LET DOWN YOUR NETS

 

Chapter Two

 

KEEPING IN TOUCH

 

Then he made the disciples get into the boat and go before him to the other side while he dismissed the crowds. And after he had dismissed the crowds, he went up on the mountain by himself to pray. When evening came, he was there alone.  Matthew 14:22-23

 

T

he world of Christendom with its thousand-and-one gimmicks for "win-      ning souls" must not only look strange to the world around it but you can be sure it looks strangest of all to God. All the effort that goes into figuring out some new way to "win people to the Lord!" All the gospel blimps that have been launched!

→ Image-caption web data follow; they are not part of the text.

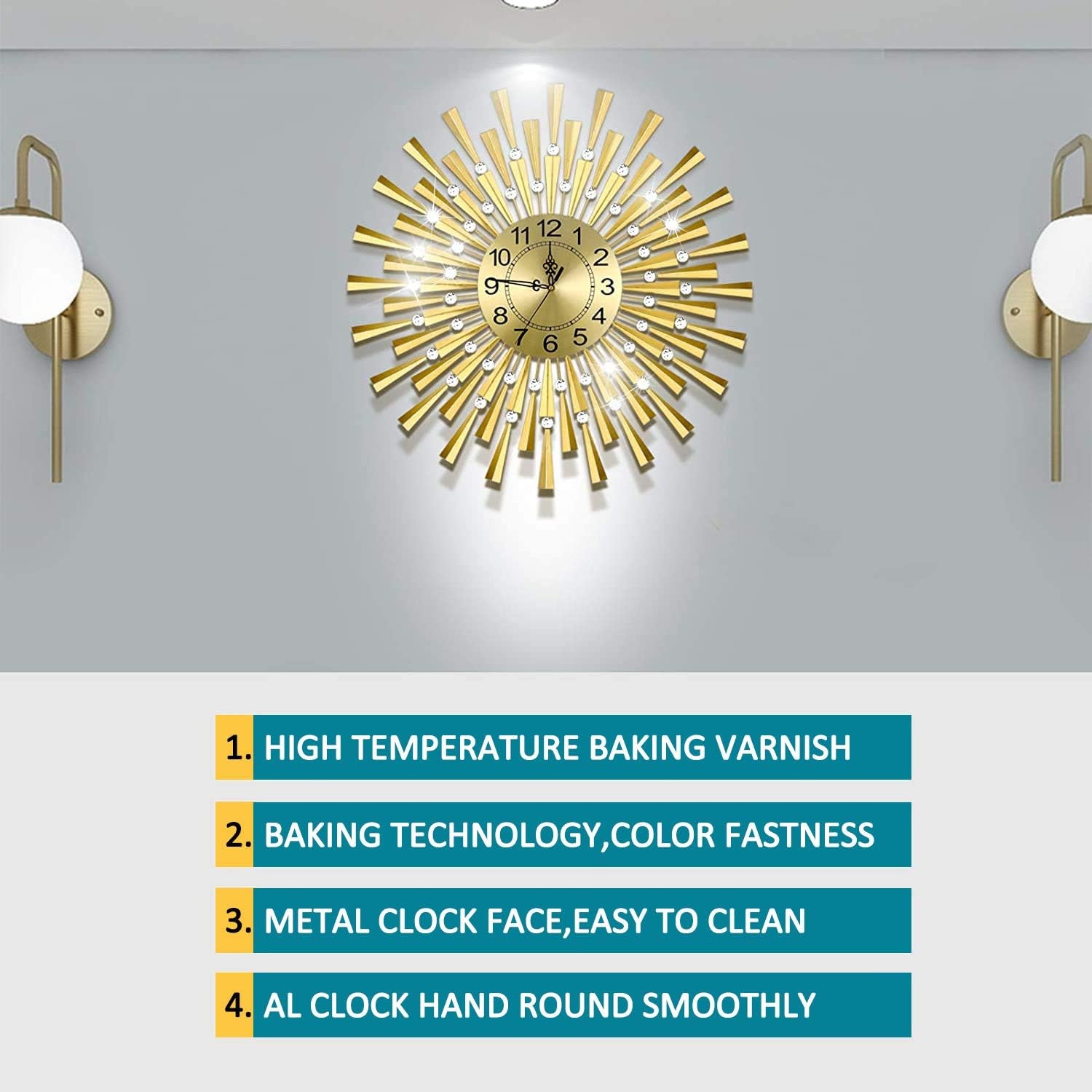 Large Wall Clock Decorative Wall Clocks 3D Non-Ticking Silent Quartz Clocks with Arabic Numerals for Living Room Home Kitchen Decor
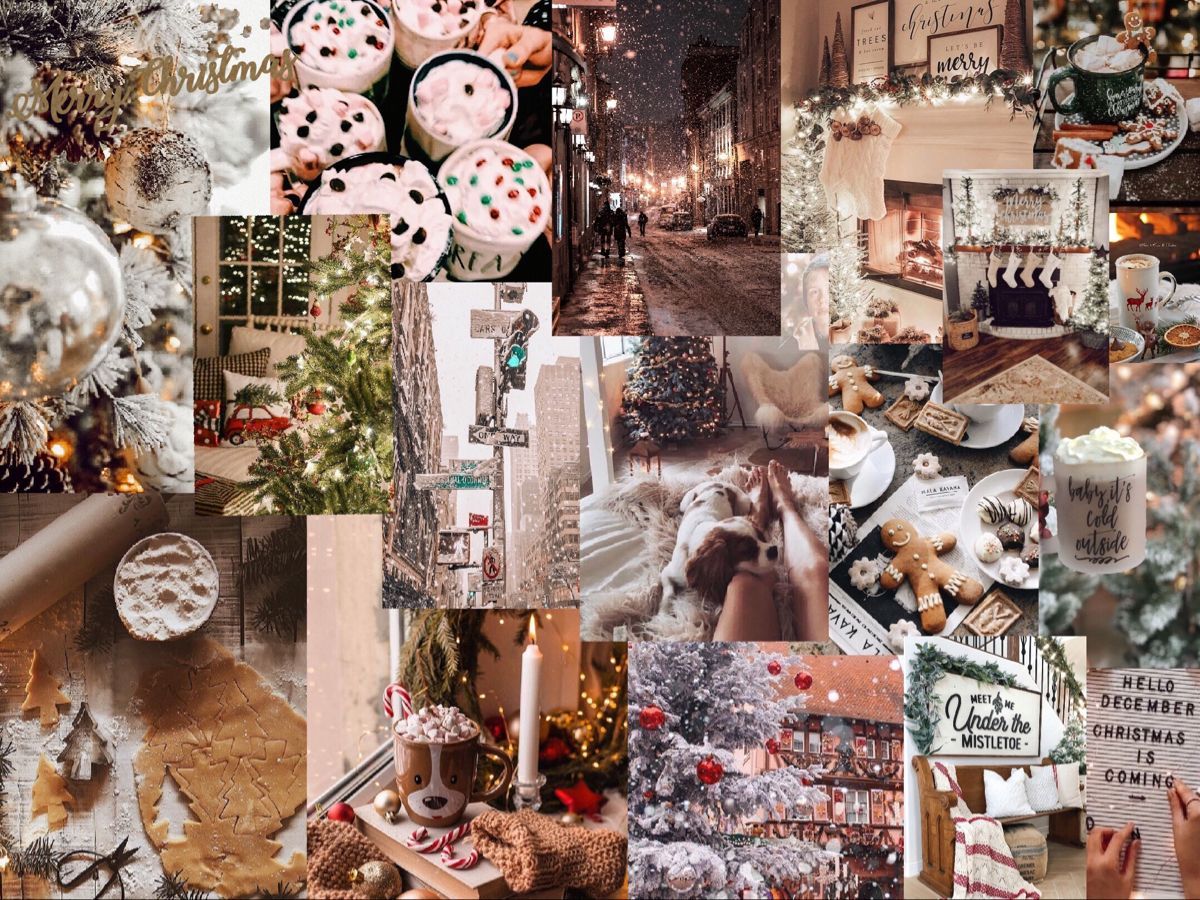 A collage of Christmas images including hot chocolate, a Christmas tree, and a fireplace. - Christmas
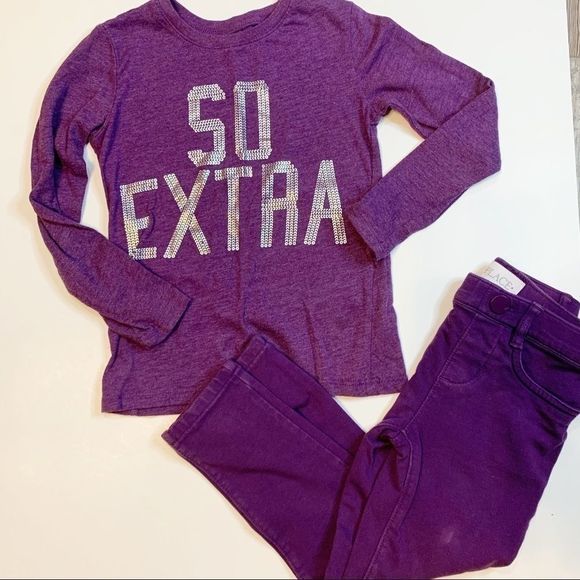 CHILDRENS PLACE Purple SO EXTRA long sleeve tee 4 - Picture 2 of 3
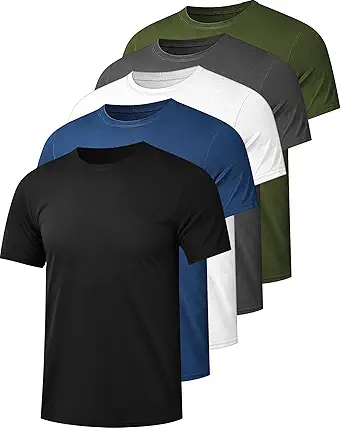 Kinglaman 1/5 Pack Mesh Workout Shirts for Men - Dry Fit, Quick Dry, Moisture Wicking, Short Sleeve Sports T-Shirts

All the money and the organization and the strain! And when it's done, the souls that are caught are caught all too often into something which is not the kingdom of God at all.

 

Jesus once said to the scribes and Pharisees, "You traverse sea and land to make a single proselyte, and when he becomes a proselyte you make him twice as much a child of hell as yourselves." It can al­most be stated as an axiom that when the winning of souls into the kingdom involves complex machinery, intricate techniques, and gobs of money, the enemy kingdom is involved in the operation. Jesus always insisted that the harvest is plentiful...the fish are out there waiting to be drawn. All we have to do is lower the net!

 

The catching of souls for the Kingdom of God is the easy part. If we cast the net on the right side of the boat the fish are always drawn. All we have to do is start proclaiming and living the mercy of God in Jesus among the people under our noses whom the world has rejected and we quickly have more fish in our net than we can handle. The problem is not how to be successful at catching fish. The pro­blem is what to do with success. What do we do when the fish start coming? When people are drawn to us and find help and others are drawn and they find help, and life starts getting busier and busier, more and more complicated, we have reached a critical stage. The danger is that we get so involved in attending to our booming fish­ing operation that we lose touch with the One who sent us fishing in the first place and who drew the fish into our net.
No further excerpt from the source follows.